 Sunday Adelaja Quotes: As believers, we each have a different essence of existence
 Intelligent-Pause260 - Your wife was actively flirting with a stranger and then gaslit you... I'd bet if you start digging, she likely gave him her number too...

--

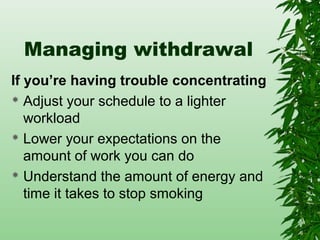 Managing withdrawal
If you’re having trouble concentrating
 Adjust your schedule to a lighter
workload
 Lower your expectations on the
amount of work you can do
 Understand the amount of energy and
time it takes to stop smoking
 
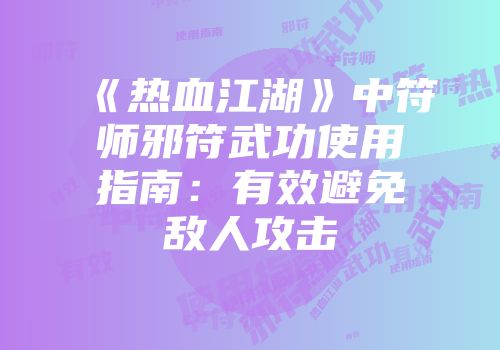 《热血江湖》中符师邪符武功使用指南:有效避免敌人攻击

* * *

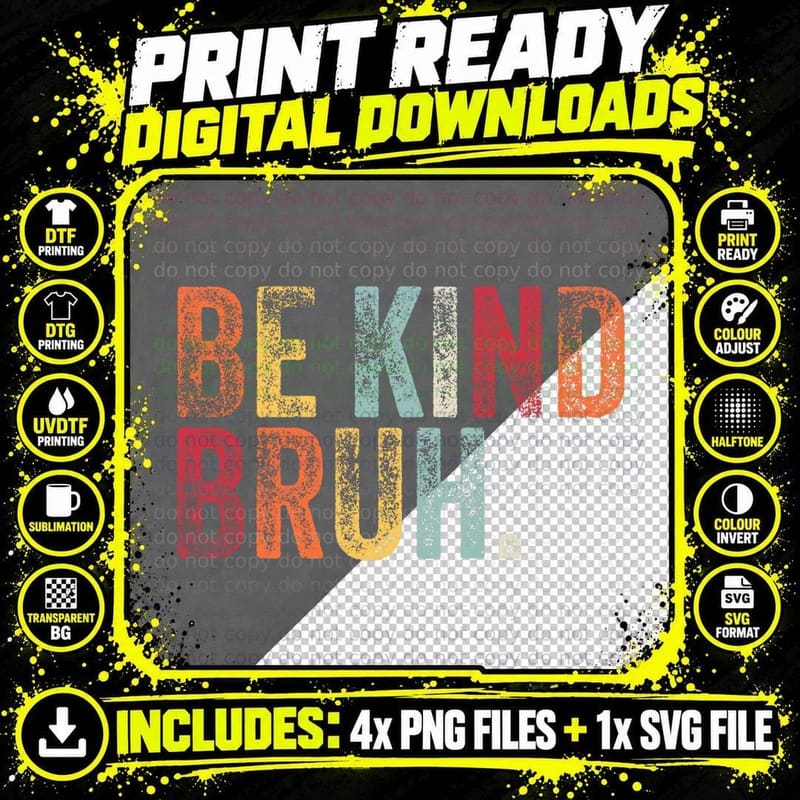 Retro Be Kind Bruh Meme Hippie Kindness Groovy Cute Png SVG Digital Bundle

* [WORK ORDER]:
Go through the material above, and wherever a line holds the word "amount", copy it.

* [EXERCISE SOLUTION]:
amount of work you can do
 Understand the amount of energy and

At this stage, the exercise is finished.